Als ich mich zum lesen in einer der herrlich bequemen Sessel verkrümelte und leise vor mich hinlachte über den von mir sehr verehrten Max Goldt (gibt es eigentliche einen Besseren? Wohl kaum), setzten sich zwei junge Frauen neben mich; und da sie so grazil waren, teilten sie sich einen Sessel und fingen an, äußerst leise zu flüstern. und zwar so leise, dass ich mir sicher war, dass die eine unmöglich auch nur ein Wort der anderen verstehen konnte. 

Mir war natürlich klar, was hier los war. Das waren keine Mitte-Mädchen, das waren Undercover Verfassungsschutz-Mädchen, die einen abhörsicheren Ort brauchten, um sich die Depeschen persönlich zu übermitteln. Dieses fast nicht wahrnehmbare Gewispere schien mir so unnatürlich und nervig dazu, dass ich mir einen anderen Sessel suchte. Nachher müssten die mich umbringen, weil sie denken, dass ich was gehört habe. Und dann würde ich Weihnachten nie bei Günter Jauch zum Jahresrückblick eingeladen. 

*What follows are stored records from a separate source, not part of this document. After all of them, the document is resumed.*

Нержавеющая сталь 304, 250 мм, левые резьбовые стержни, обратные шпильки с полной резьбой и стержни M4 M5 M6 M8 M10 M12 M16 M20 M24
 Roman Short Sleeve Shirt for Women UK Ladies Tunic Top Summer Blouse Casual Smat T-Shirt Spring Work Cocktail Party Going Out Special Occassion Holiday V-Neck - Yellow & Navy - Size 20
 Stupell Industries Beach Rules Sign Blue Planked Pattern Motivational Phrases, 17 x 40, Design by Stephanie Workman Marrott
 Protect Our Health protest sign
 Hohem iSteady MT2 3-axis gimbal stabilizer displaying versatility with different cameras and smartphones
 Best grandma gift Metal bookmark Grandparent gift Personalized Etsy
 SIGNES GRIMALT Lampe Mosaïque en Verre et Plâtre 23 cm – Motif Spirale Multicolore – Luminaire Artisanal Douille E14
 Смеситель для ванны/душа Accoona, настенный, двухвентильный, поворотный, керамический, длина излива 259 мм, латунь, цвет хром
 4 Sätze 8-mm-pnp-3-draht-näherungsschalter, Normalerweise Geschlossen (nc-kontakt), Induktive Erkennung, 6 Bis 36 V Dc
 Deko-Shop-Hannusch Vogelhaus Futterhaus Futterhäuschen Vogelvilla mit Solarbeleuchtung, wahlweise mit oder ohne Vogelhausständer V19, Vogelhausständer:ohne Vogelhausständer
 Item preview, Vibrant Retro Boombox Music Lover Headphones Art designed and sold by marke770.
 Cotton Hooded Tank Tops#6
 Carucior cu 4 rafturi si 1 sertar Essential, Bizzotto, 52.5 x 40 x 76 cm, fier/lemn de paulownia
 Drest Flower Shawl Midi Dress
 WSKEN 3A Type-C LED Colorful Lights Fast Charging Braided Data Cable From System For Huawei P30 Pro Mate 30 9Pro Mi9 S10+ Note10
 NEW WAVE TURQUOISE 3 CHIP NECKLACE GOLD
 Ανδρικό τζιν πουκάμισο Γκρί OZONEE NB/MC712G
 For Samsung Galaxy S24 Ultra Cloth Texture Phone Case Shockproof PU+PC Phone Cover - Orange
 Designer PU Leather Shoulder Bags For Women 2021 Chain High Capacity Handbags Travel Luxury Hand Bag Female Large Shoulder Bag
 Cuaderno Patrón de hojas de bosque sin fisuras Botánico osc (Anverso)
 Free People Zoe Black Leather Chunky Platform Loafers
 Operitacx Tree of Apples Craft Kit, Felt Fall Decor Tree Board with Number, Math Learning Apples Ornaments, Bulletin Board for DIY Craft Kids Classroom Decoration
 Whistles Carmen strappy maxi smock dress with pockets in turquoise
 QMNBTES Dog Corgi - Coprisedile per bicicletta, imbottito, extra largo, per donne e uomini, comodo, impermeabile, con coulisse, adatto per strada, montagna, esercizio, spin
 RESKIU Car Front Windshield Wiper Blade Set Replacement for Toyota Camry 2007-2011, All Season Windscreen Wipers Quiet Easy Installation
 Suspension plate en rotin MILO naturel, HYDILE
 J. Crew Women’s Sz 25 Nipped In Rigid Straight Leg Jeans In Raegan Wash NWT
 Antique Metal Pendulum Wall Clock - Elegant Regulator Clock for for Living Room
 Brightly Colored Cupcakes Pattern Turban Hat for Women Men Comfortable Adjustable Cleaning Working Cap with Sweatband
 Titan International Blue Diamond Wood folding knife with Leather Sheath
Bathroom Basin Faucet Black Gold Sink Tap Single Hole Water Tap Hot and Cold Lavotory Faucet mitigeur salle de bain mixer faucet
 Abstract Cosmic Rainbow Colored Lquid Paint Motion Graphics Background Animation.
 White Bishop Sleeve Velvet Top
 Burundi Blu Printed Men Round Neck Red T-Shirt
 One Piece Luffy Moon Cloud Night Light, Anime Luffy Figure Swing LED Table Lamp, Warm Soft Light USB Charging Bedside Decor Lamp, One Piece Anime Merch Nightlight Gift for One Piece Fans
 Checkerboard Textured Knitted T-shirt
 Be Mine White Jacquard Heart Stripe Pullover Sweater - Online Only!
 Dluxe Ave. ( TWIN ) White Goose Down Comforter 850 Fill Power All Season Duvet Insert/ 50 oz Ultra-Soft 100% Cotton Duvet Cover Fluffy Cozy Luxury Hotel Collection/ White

Sehr viel später, in der Raucherecke, saßen zwei Frauen neben mir, wir kamen ins Gespräch, unter anderem über die Frau im Gully; beide hatten rote Handtücher über die Schultern gelegt. Wie sie mir erzählten, was sie gestern, am Tag der biblischen Wolkenbrüche, so alles erlebt hatten und was ihnen in Wellnesstempeln wie diesem schon alles geklaut wurde, zum Beispiel Adiletten und ein Bademantel, kam eine andere Frau und fragte in die Runde, wer ein rotes Handtuch gesehen habe. Niemand hatte. 

Weinerlich und vorwurfsvoll zugleich maulte sie "Aber ich brauch das jetzt zum Sport!" (mit Betonung auf "brauch"). Wir drei machten uns über sie lustig und in unserer nur sehr kurz währenden Bekanntschaft brachten wir es gleich zu einem running gag. Manchmal entwickeln sich die Dinge schnell. Als sie sich von mir verabschiedeten, meinten sie "Und jetzt rücken Sie das rote Handtuch raus, sie braucht es jetzt. Und die Adiletten auch."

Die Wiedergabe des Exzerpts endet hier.